__TRY IT__:
Would you repeat word for word the lines of the listing that follows, from the one with "Pulsera de metal" up to and including the one with "Two Chinese Famille Rose Porcelain Articles", and leave out the images?

__ENTRIES SHOWN__:
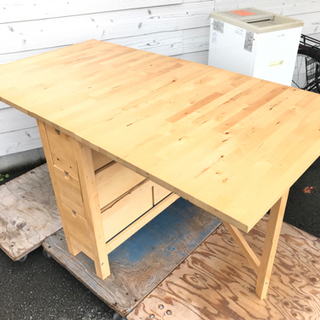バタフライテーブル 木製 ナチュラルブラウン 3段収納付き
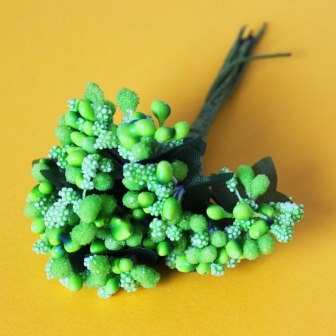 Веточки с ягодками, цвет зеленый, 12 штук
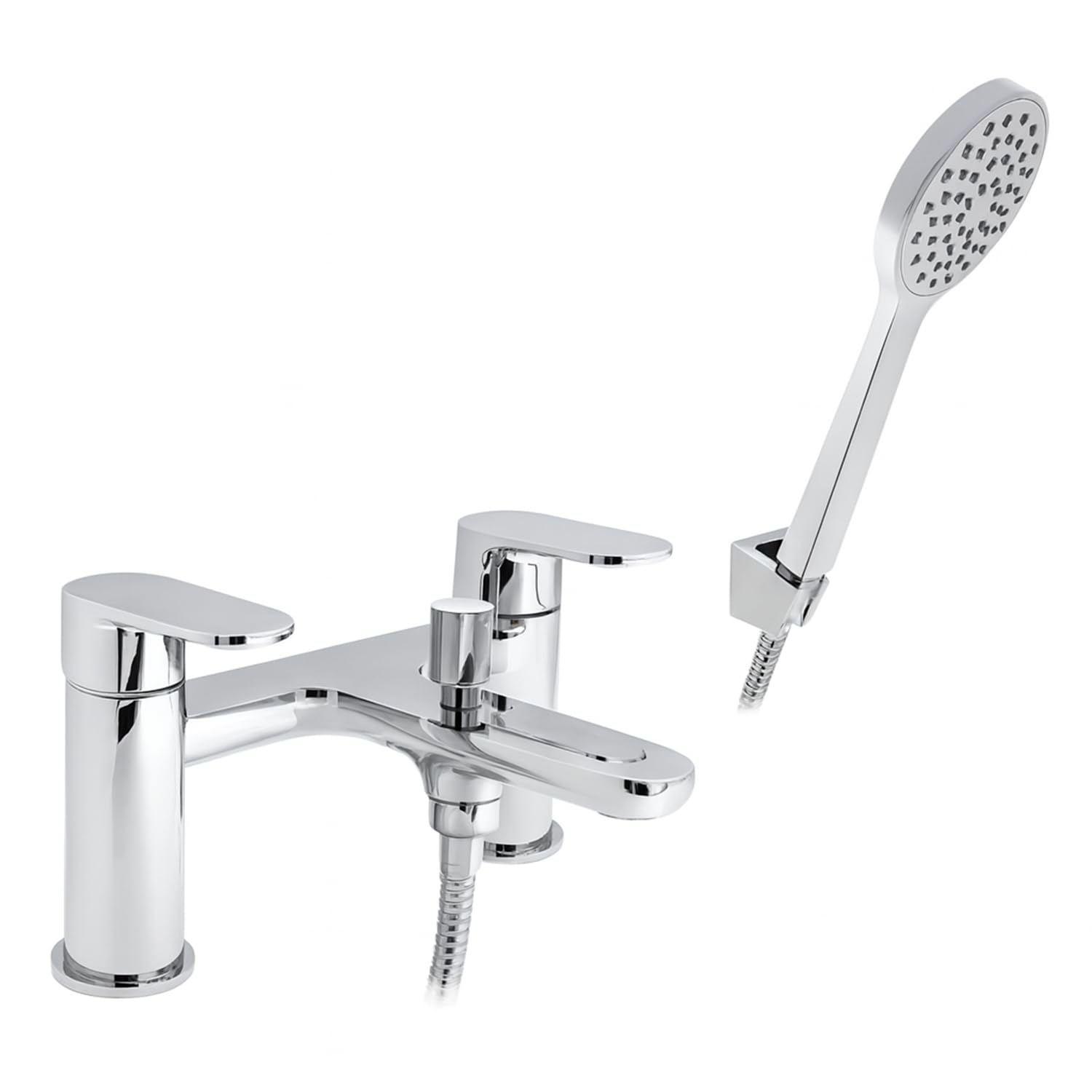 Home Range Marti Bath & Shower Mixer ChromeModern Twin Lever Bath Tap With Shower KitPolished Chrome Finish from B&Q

* * *

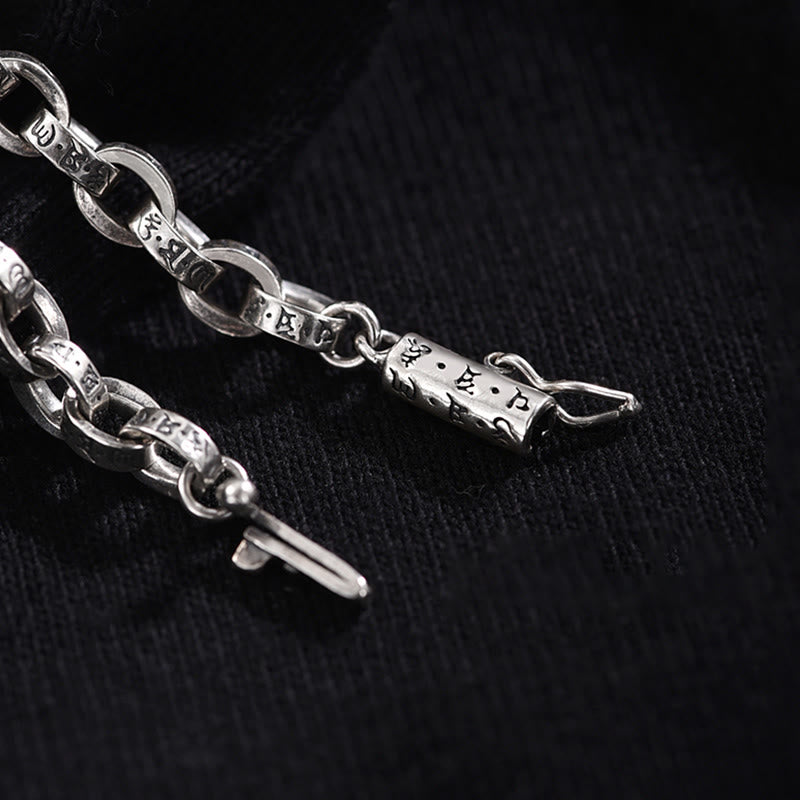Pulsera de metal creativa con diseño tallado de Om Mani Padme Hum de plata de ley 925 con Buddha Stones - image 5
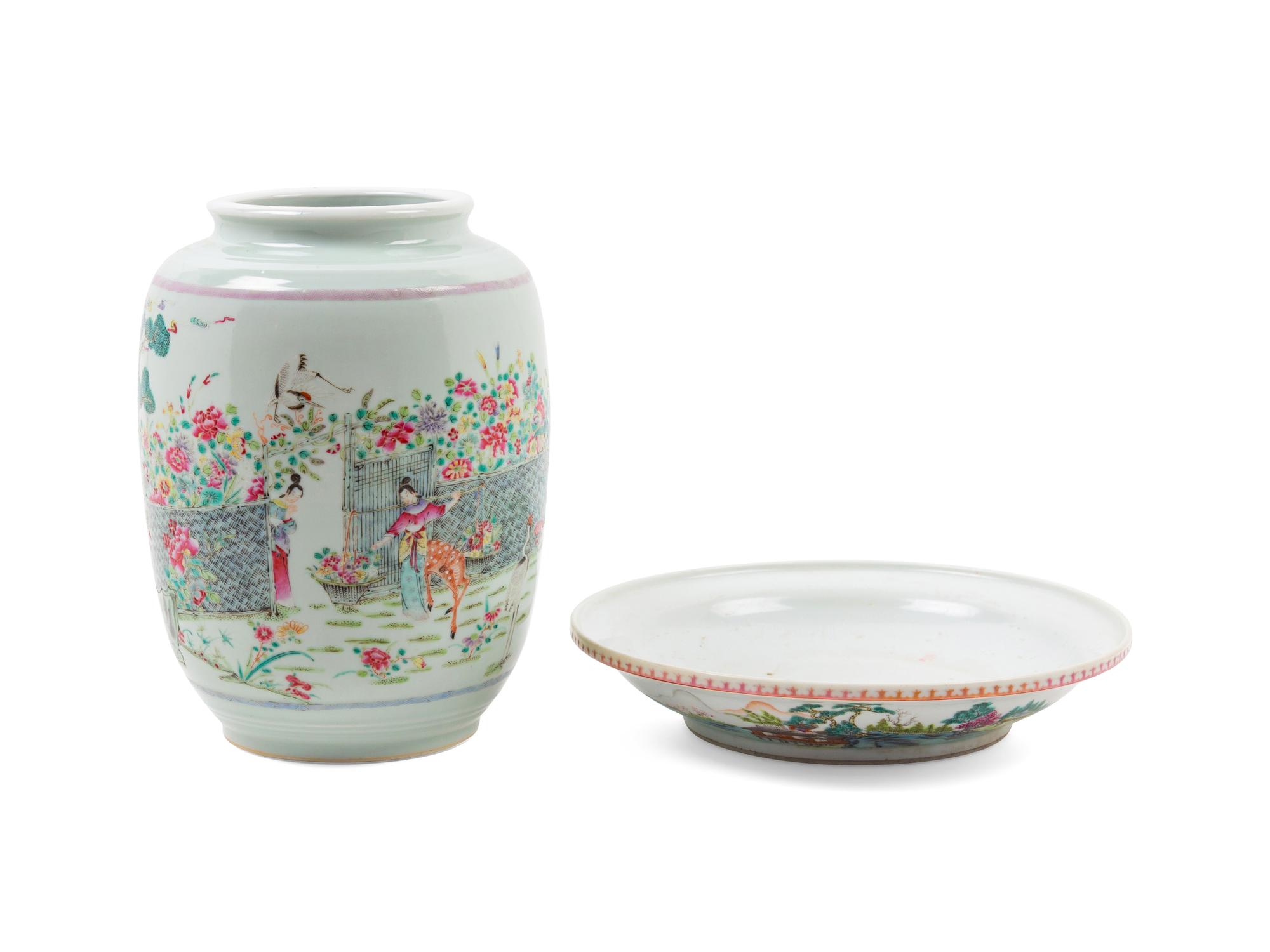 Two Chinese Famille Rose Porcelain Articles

__EXERCISE RESPONSE__:
Pulsera de metal creativa con diseño tallado de Om Mani Padme Hum de plata de ley 925 con Buddha Stones - image 5
 Two Chinese Famille Rose Porcelain Articles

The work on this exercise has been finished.